The program references foo_global, but foo_global is defined in foo.c which is not linked into the program.

Of course, if you look closely, you’ll see that the program actually never ends up using foo_global at runtime, based on some simple logic which is actually constant, but since it includes a function call, clang won’t figure out at -O0 that it is constant. (In the real code, this ok_to_use_foo function contained logic involving a few different preprocessor variables, but it was still ultimately constant).

At -O2, clang will easily figure out that the conditional is always false, so it will optimize away the branch, which included the only call to that inline function, so the function will be optimized away entirely also, taking with it the reference to foo_global. Thus the program compiles cleanly and does what you’d expect:

$ clang -O2 main.c
$ ./a.out
$ echo $?
0

Optimizing away a corrupted stack variable

Consider this small program:

#include <stdio.h>

static void obtain_two_pointers(void **a, void **b) {
  *a = &a;
  *b = &b;
}

int main(void) {
  void *c;
  int b;
  void *a;

  c = &b;
  printf("%c: %p\n", c);
  obtain_two_pointers(&a, &b);
  printf("%c: %p\n", c);
  return 0;
}

In this contrived program, obtain_two_pointers returns two pointers via output parameters. The calling code only cares about the first, so it passes in the address of a dummy local variable b to hold the second one.

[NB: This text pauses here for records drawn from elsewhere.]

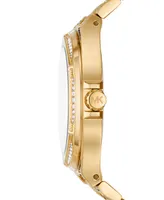 Michael Kors Women's Lennox Three-Hand Black and Gold-Tone Stainless Steel Bracelet Watch 43mm - Gold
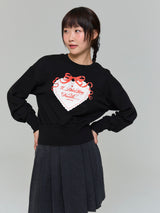 HEART SWEATSHIRT - BLACK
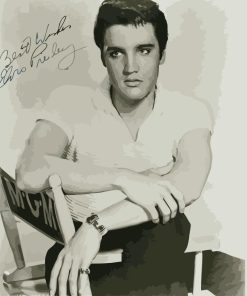 Young Elvis Presley Black and White Paint By Numbers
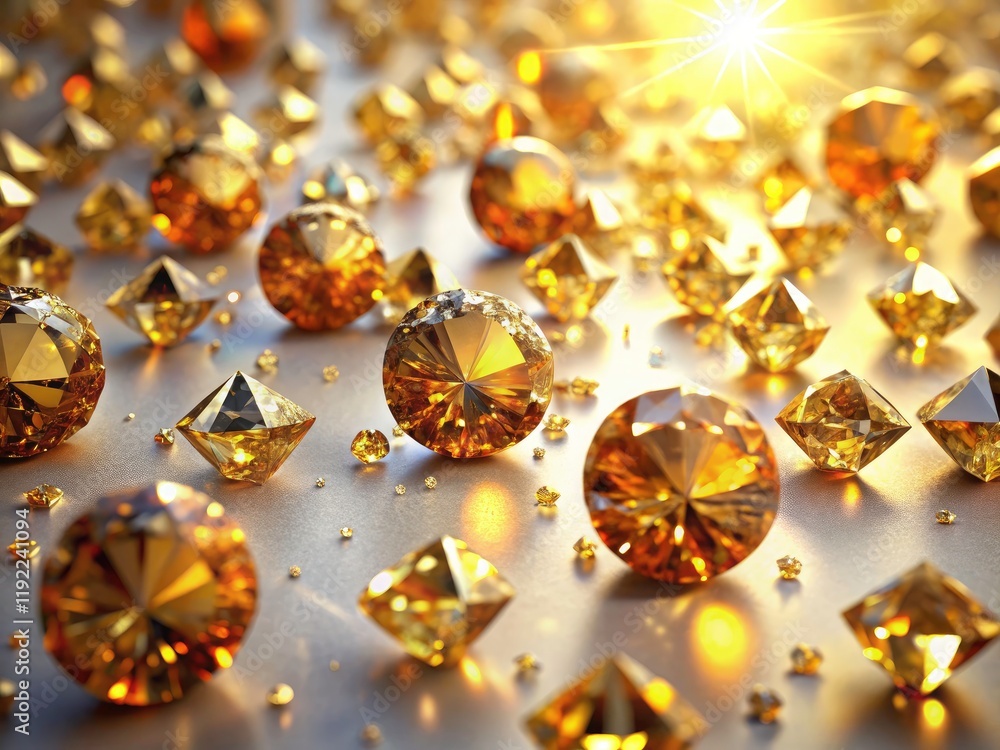 Aerial view: sparkling golden diamonds and precious gemstones on a pure white background, high-resolution. Aerial view: sparkling golden diamonds and precious gemstones on a pure white background, high-resolution.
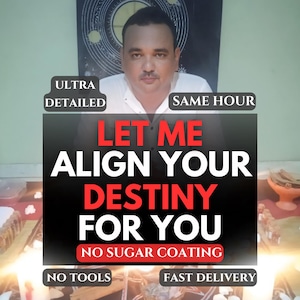 Puede incluir: Imagen de un hombre con camisa blanca con texto superpuesto. El texto principal, en rojo y blanco, dice: "LET ME ALIGN YOUR DESTINY FOR YOU". Textos adicionales incluyen "ULTRA DETAILED", "SAME HOUR", "NO SUGAR COATING", "NO TOOLS" y "FAST DELIVERY".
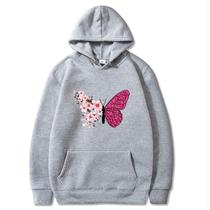 Moletom Canguru Blusao De Frio Feminina Borboleta Florida Flores Butterflies Heyoungirl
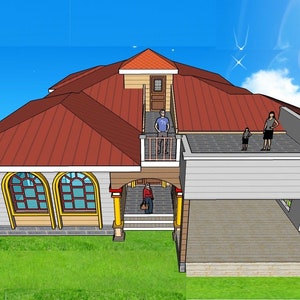 V-877 | Modern huis | Plattegrond met zwembad en 2 carport, 4 slaapkamers + 5 badkamers, gelijkvloers huis, met zadeldak en terrasoverkapping.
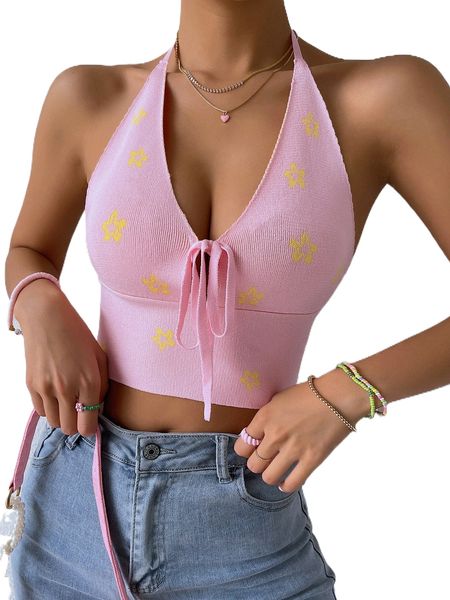 

star pattern tie backless halter knit r6m5#, White;black
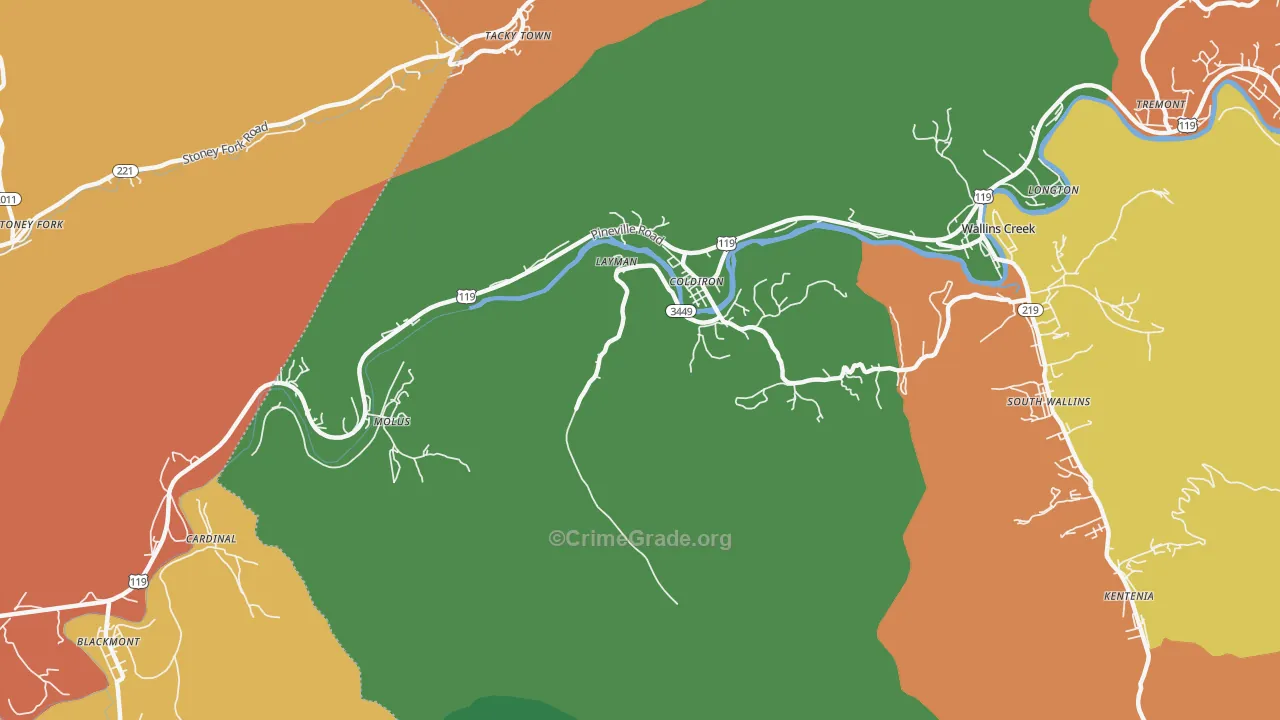 Coldiron, KY Map of Burglary Rates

When I compile this program with clang without optimizations and run it, I get this:

$ clang foo.c
foo.c:14:24: warning: incompatible pointer types passing 'int *' to parameter of type 'void **'
      [-Wincompatible-pointer-types]
  obtain_two_pointers(&a, &b);
                       ^~
foo.c:3:47: note: passing argument to parameter 'b' here
static void obtain_two_pointers(void **a, void **b) {
                                              ^
1 warning generated.
$ ./a.out
c: 0x7fff5118947c
c: 0x7fff00007fff

The problem is that the code was written assuming that pointers were 32 bits wide, so that you could fit a pointer inside an int variable. On my machine, however, pointers are 64 bits wide, so that when obtain_two_pointers writes 64 bits into the address of b, it corrupts the value of c, which is next to it on main’s stack. This explains the output: after calling the function, the lower 32 bits of c are overwritten with the beginning of a pointer value. If we were to dereference c at this point, the program might crash.

Incidentally, the warning clang gives here is totally on-point, but this being a huge legacy codebase, clang actually generates thousands of warnings, so this one went unnoticed. While there are efforts underway to go through and address all the warnings, it will probably take years before the program compiles cleanly.

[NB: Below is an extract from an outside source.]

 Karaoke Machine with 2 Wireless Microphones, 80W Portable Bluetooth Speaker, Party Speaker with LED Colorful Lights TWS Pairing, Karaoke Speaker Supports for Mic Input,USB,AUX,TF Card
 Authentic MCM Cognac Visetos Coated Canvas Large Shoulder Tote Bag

Now let’s compile and run this program with optimizations turned on:

$ clang -w -O2 foo.c
$ ./a.out
c: 0x7fff5c9f9470
c: 0x7fff5c9f9470

What happens here is that c gets optimized out, and the address of b is passed to the two printf invocations directly. There is still an extra 32 bits written onto the stack, but they’re harmless. (Actually in this case the call to obtain_two_pointers gets inlined so it’s not quite that simple. If the function is declared extern and defined in another file, like it was in the real code, then it’s easy to see that c is just optimized out.)

Lessons learned

  • Optimizations are behavior preserving, but not undefined behavior preserving. In the second program, the implicit cast from int* to void** when &b is passed to the function is undefined behavior. That’s why optimizing out c is a valid transformation even though it changes the behavior of the program. (I think.)

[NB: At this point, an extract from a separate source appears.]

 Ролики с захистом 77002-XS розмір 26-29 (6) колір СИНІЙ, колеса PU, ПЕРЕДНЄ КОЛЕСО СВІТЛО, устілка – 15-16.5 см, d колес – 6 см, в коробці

  • Being conscientious about compiler warnings can pay off. I’ve encountered people who say that compiler warnings are more trouble than they’re worth, because the issues they find are either false positives, or trivial bugs that anyone would see. It is true that the bug in the second program is not hard to see – if anyone had had cause to read through that part of the code, they would have likely spotted it immediately. Unfortunately, in very large codebases, a lot of code is left to rot, only examined if it appears in the stack trace of a core file after a crash; at least, that’s how I found this bug. But the compiler always reads all of the code, so if nothing else it can help find these trivial bugs in rarely-read code.